*** Opening Records provided ***

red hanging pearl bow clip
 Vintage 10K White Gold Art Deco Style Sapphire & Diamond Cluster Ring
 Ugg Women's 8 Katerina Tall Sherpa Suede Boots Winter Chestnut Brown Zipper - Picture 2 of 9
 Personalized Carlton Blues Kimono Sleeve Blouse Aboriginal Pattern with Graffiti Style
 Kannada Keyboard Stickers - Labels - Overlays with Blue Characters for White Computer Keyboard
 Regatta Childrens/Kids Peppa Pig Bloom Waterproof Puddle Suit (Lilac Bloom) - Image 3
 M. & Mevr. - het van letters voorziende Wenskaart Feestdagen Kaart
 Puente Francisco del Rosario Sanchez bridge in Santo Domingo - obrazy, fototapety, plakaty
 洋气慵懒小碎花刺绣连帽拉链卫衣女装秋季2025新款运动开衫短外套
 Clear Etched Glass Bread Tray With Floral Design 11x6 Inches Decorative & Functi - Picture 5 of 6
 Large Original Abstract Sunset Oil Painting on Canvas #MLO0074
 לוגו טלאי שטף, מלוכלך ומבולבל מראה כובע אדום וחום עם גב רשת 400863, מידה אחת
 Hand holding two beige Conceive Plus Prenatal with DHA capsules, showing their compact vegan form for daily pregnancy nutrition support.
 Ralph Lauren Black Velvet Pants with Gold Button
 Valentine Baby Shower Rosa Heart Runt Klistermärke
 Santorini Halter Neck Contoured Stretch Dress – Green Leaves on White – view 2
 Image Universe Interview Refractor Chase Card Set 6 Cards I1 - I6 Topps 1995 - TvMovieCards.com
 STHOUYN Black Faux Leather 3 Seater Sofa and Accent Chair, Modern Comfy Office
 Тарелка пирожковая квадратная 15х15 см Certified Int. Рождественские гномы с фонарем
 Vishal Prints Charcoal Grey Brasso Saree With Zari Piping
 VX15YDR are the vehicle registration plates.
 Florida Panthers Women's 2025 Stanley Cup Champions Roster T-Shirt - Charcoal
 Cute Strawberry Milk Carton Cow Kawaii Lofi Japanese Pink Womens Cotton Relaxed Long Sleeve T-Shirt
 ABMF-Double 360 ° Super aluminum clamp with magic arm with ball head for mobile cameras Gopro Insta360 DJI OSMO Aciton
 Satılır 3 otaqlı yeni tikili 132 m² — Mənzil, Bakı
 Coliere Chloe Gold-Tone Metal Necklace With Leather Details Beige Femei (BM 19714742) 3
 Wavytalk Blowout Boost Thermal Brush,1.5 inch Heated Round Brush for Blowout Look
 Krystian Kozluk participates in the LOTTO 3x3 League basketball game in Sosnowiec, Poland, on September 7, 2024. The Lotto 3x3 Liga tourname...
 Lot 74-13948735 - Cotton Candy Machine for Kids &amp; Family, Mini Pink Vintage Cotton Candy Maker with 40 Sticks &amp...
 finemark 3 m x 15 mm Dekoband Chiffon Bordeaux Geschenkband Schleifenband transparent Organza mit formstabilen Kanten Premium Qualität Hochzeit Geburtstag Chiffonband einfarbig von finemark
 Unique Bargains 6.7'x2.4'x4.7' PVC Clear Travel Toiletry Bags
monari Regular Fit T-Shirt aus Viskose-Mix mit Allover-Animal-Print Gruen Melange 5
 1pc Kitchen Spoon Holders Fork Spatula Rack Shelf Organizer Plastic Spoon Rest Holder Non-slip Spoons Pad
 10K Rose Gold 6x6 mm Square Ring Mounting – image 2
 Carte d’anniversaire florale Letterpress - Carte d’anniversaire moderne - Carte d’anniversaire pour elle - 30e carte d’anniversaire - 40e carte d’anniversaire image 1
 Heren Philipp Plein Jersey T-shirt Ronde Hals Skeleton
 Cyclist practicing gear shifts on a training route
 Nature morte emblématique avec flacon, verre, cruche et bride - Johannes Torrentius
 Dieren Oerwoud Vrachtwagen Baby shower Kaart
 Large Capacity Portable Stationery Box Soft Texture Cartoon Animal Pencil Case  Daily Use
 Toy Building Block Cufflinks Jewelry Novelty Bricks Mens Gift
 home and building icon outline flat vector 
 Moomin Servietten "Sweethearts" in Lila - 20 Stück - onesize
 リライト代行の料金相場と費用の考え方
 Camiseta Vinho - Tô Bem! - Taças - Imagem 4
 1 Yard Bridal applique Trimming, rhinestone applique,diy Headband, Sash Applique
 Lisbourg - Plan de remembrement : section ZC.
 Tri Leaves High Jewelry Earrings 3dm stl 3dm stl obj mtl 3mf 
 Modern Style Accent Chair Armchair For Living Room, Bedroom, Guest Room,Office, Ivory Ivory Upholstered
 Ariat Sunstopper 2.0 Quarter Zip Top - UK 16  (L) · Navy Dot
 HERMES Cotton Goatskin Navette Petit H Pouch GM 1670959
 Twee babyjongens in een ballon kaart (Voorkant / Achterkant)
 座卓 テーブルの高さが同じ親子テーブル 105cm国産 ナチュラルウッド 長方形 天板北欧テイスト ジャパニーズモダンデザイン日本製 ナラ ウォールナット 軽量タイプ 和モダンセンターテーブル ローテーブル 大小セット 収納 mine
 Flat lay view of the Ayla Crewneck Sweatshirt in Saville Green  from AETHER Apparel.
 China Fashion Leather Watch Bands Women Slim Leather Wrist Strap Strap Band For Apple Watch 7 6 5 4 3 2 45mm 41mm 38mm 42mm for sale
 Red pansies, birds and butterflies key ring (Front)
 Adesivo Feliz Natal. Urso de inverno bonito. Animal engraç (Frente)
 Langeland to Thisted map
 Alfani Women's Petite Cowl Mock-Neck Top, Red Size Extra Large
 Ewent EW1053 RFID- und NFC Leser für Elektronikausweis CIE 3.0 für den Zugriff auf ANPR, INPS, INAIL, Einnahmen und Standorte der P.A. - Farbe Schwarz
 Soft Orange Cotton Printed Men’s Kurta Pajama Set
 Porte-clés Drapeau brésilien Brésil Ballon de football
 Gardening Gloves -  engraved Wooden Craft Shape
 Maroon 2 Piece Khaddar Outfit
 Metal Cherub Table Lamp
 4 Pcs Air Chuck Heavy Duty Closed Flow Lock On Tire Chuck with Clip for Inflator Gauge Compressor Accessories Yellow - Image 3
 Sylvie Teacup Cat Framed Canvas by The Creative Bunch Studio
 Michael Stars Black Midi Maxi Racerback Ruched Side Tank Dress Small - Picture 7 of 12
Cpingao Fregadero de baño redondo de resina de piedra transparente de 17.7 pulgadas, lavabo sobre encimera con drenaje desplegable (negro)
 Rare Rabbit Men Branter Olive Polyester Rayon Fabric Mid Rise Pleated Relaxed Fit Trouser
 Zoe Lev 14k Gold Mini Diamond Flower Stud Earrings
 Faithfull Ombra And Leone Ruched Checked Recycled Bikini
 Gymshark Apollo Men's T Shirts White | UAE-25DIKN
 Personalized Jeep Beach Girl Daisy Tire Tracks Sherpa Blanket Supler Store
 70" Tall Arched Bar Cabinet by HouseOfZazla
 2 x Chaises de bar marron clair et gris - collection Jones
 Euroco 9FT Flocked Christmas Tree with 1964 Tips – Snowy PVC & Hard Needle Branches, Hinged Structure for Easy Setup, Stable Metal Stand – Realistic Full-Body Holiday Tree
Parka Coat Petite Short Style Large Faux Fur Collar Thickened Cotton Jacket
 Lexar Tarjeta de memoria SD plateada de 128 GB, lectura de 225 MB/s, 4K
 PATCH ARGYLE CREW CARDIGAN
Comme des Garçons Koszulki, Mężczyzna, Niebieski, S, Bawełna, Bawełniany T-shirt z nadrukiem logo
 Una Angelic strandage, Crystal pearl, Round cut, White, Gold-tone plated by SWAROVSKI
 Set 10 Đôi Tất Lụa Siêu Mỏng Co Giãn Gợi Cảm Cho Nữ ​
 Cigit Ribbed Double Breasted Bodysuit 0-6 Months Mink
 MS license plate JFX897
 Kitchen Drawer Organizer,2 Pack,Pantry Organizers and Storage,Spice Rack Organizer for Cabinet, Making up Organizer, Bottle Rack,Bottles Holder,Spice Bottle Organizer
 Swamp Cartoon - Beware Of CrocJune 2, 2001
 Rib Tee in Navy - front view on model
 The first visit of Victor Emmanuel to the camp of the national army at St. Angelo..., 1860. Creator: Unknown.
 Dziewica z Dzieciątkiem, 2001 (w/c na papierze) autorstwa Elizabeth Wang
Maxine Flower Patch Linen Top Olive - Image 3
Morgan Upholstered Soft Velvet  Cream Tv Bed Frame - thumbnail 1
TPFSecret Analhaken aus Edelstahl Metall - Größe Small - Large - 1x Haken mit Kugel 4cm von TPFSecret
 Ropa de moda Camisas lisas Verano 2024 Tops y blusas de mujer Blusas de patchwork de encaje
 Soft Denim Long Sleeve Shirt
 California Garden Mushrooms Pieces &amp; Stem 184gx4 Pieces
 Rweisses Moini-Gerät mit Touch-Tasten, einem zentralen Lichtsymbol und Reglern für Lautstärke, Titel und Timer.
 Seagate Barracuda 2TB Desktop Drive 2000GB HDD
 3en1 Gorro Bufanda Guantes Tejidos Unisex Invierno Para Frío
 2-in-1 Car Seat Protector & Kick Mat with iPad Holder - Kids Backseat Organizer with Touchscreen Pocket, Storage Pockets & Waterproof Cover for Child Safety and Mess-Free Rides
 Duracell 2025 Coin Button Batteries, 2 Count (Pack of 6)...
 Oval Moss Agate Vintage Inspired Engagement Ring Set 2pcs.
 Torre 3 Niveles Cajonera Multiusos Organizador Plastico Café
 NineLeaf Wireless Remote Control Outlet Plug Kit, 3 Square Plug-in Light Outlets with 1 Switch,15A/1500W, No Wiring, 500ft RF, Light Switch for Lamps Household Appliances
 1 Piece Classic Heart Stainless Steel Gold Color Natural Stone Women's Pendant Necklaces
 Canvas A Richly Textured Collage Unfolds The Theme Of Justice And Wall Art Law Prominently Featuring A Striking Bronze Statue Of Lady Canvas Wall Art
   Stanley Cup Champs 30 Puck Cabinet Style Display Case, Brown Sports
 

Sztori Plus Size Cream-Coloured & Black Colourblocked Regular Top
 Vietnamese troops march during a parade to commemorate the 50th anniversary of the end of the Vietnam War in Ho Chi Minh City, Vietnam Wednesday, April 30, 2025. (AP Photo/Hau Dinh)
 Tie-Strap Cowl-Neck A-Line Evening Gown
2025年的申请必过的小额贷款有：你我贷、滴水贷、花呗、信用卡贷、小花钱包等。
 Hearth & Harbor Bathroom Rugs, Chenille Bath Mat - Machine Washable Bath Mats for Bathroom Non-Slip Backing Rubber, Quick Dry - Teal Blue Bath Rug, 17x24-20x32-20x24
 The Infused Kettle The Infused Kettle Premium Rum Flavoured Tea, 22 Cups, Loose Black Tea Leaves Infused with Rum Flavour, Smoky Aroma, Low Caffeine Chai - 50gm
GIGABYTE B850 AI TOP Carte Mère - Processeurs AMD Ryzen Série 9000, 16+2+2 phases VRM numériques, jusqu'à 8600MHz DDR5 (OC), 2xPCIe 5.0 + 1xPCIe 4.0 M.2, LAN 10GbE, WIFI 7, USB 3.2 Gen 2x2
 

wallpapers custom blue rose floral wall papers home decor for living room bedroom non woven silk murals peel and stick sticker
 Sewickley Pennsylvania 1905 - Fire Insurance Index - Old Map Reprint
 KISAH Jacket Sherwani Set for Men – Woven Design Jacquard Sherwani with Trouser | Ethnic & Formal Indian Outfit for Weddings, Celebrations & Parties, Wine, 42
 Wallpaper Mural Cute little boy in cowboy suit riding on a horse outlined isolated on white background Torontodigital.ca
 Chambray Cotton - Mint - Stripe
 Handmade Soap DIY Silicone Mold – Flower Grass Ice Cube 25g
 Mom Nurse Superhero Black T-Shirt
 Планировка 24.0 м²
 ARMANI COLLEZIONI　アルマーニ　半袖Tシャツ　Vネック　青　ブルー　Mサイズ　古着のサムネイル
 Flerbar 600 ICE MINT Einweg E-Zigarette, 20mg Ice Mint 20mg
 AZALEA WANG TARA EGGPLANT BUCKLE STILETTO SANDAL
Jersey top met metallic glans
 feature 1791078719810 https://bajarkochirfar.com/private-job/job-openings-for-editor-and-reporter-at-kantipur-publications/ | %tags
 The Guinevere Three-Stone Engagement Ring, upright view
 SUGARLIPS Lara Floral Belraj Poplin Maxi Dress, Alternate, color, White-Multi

*** Closing Records provided ***

Above are the records; from them, give again exactly the lines from the one containing "TPFSecret Analhaken aus" through the one containing "2025年的申请必过的小额贷款有：你我贷、滴水贷、花呗、信用卡贷、小花钱包等。", both included.

TPFSecret Analhaken aus Edelstahl Metall - Größe Small - Large - 1x Haken mit Kugel 4cm von TPFSecret
 Ropa de moda Camisas lisas Verano 2024 Tops y blusas de mujer Blusas de patchwork de encaje
 Soft Denim Long Sleeve Shirt
 California Garden Mushrooms Pieces &amp; Stem 184gx4 Pieces
 Rweisses Moini-Gerät mit Touch-Tasten, einem zentralen Lichtsymbol und Reglern für Lautstärke, Titel und Timer.
 Seagate Barracuda 2TB Desktop Drive 2000GB HDD
 3en1 Gorro Bufanda Guantes Tejidos Unisex Invierno Para Frío
 2-in-1 Car Seat Protector & Kick Mat with iPad Holder - Kids Backseat Organizer with Touchscreen Pocket, Storage Pockets & Waterproof Cover for Child Safety and Mess-Free Rides
 Duracell 2025 Coin Button Batteries, 2 Count (Pack of 6)...
 Oval Moss Agate Vintage Inspired Engagement Ring Set 2pcs.
 Torre 3 Niveles Cajonera Multiusos Organizador Plastico Café
 NineLeaf Wireless Remote Control Outlet Plug Kit, 3 Square Plug-in Light Outlets with 1 Switch,15A/1500W, No Wiring, 500ft RF, Light Switch for Lamps Household Appliances
 1 Piece Classic Heart Stainless Steel Gold Color Natural Stone Women's Pendant Necklaces
 Canvas A Richly Textured Collage Unfolds The Theme Of Justice And Wall Art Law Prominently Featuring A Striking Bronze Statue Of Lady Canvas Wall Art
   Stanley Cup Champs 30 Puck Cabinet Style Display Case, Brown Sports
 

Sztori Plus Size Cream-Coloured & Black Colourblocked Regular Top
 Vietnamese troops march during a parade to commemorate the 50th anniversary of the end of the Vietnam War in Ho Chi Minh City, Vietnam Wednesday, April 30, 2025. (AP Photo/Hau Dinh)
 Tie-Strap Cowl-Neck A-Line Evening Gown
2025年的申请必过的小额贷款有：你我贷、滴水贷、花呗、信用卡贷、小花钱包等。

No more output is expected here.